--- WORK REQUEST ---
What the task requires is each entry, restated exactly.

◇ ◇ ◇ ◇ ◇

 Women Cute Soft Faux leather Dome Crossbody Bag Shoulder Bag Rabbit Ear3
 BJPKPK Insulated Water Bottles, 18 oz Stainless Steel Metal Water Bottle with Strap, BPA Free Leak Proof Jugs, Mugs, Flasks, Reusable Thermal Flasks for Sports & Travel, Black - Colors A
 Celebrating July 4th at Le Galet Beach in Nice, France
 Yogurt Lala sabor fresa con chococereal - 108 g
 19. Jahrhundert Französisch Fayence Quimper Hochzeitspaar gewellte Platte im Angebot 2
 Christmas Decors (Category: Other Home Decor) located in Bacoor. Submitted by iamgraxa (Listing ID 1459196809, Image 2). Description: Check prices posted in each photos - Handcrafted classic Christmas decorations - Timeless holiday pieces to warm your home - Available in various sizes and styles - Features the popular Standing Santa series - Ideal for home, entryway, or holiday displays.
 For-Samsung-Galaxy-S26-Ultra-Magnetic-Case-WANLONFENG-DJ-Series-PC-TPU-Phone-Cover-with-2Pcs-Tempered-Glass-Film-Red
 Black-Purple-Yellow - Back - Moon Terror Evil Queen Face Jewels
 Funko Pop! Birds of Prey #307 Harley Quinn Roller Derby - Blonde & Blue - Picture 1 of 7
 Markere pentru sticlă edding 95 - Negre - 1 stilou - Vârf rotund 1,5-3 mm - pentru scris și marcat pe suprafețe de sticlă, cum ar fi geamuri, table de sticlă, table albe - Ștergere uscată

◇ ◇ ◇ ◇ ◇

--- SOLUTION FOR THIS EXERCISE ---
 Women Cute Soft Faux leather Dome Crossbody Bag Shoulder Bag Rabbit Ear3
 BJPKPK Insulated Water Bottles, 18 oz Stainless Steel Metal Water Bottle with Strap, BPA Free Leak Proof Jugs, Mugs, Flasks, Reusable Thermal Flasks for Sports & Travel, Black - Colors A
 Celebrating July 4th at Le Galet Beach in Nice, France
 Yogurt Lala sabor fresa con chococereal - 108 g
 19. Jahrhundert Französisch Fayence Quimper Hochzeitspaar gewellte Platte im Angebot 2
 Christmas Decors (Category: Other Home Decor) located in Bacoor. Submitted by iamgraxa (Listing ID 1459196809, Image 2). Description: Check prices posted in each photos - Handcrafted classic Christmas decorations - Timeless holiday pieces to warm your home - Available in various sizes and styles - Features the popular Standing Santa series - Ideal for home, entryway, or holiday displays.
 For-Samsung-Galaxy-S26-Ultra-Magnetic-Case-WANLONFENG-DJ-Series-PC-TPU-Phone-Cover-with-2Pcs-Tempered-Glass-Film-Red
 Black-Purple-Yellow - Back - Moon Terror Evil Queen Face Jewels
 Funko Pop! Birds of Prey #307 Harley Quinn Roller Derby - Blonde & Blue - Picture 1 of 7
 Markere pentru sticlă edding 95 - Negre - 1 stilou - Vârf rotund 1,5-3 mm - pentru scris și marcat pe suprafețe de sticlă, cum ar fi geamuri, table de sticlă, table albe - Ștergere uscată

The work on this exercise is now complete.